Union-Busting Charged

Jair Meneguelli, president of the metalworkers’ union of Sao Bernardo do Campo and Diadema, the industrial suburbs of Sao Paulo where some of the major factories are located, said, “The multinational auto companies are clearly trying to break the union, and we can’t accept that without undermining organized labor in Brazil.”

The strike is the longest in the history of Brazil’s auto industry, which last year exported more than $2-billion worth of cars, trucks and parts.

In other labor conflicts, government-sponsored negotiations have brought about agreement on new contracts. One settlement ended strikes by more than 100,000 cane cutters and orange pickers in the state of Sao Paulo, where the harvest began this month.

In the rural strikes, as in recent strikes by Sao Paulo’s postal workers and school teachers, unions settled for much less than they had originally demanded. The gains have been little more than wage corrections for inflation, which has raised prices 225% in the past year.

Cabinet Divisions Told

The strikes have been a major test for the government of President Jose Sarney, who took office March 15. Differences on how to deal with the disputes have led to political divisions in the Cabinet.

Roberto Gusmao, the minister of industry and commerce, has endorsed a business-backed movement asking that the government declare the strikes illegal and prosecute the leaders. But Labor Minister Almir Pazzianotro has refused to declare the strikes illegal and has sought to mediate, in some cases successfully.

In the auto industry dispute, the metalworkers’ union was able to obtain agreement on a new contract with the Association of Auto Parts Makers, most members of which are wholly Brazilian firms. They employ about 70,000 workers.

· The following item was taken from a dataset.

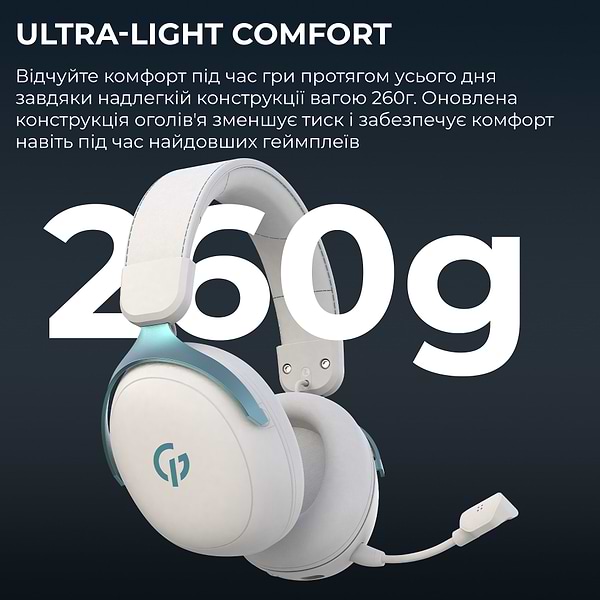 Фото - Гарнітура бездротова ігрова GamePro Asgard Freya Pro (HSW201WB)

As the weeks of the strike wore on and the companies began dismissing workers, some strikers returned to their jobs. Some companies, including General Motors and Mercedes Benz, restored production pending an agreement.

Heavy Export Cost

But the strike has continued at Ford and Volkswagen, which together have more than 33,000 workers and are the two biggest producers. According to industry sources, the loss of production is costing Brazil heavily in export earnings, which are reportedly down by $200 million.

The key issue in the auto plants has been a reduction of the work week, to 44 hours in 1987 from 48 hours. Management of the foreign-owned plants insists that it can make no such concession so long as the government controls the price of vehicles. The companies have agreed to a 5% wage increase.

The workers argue that their pay is no more than a fifth of what American auto workers are paid for similar work.